__Entries shown__.
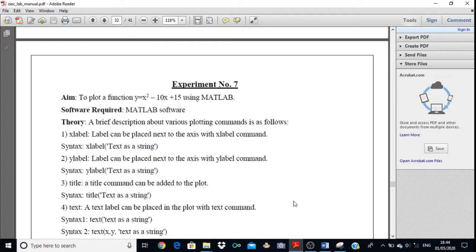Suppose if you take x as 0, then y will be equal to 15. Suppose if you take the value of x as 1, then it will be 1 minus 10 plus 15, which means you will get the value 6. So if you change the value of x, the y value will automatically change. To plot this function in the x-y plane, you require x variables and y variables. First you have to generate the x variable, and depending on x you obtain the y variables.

* * *

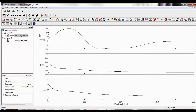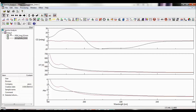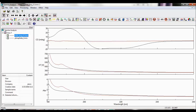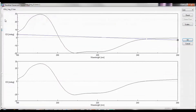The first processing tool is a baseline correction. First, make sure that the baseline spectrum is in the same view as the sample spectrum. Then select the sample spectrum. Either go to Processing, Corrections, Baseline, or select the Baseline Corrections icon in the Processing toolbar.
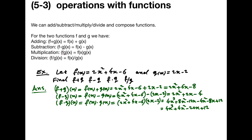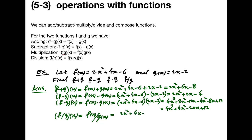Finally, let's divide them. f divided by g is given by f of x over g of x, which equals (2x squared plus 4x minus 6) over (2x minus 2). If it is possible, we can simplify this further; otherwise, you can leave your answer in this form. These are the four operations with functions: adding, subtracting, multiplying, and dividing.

__Directions__.
A clean copy is needed of the lines above from the one with "The first processing" up to and including the one with "Finally, let's divide". Please set it down exactly, with no pictures.

__Task answer__.
The first processing tool is a baseline correction. First, make sure that the baseline spectrum is in the same view as the sample spectrum. Then select the sample spectrum. Either go to Processing, Corrections, Baseline, or select the Baseline Corrections icon in the Processing toolbar.
Finally, let's divide them. f divided by g is given by f of x over g of x, which equals (2x squared plus 4x minus 6) over (2x minus 2). If it is possible, we can simplify this further; otherwise, you can leave your answer in this form. These are the four operations with functions: adding, subtracting, multiplying, and dividing.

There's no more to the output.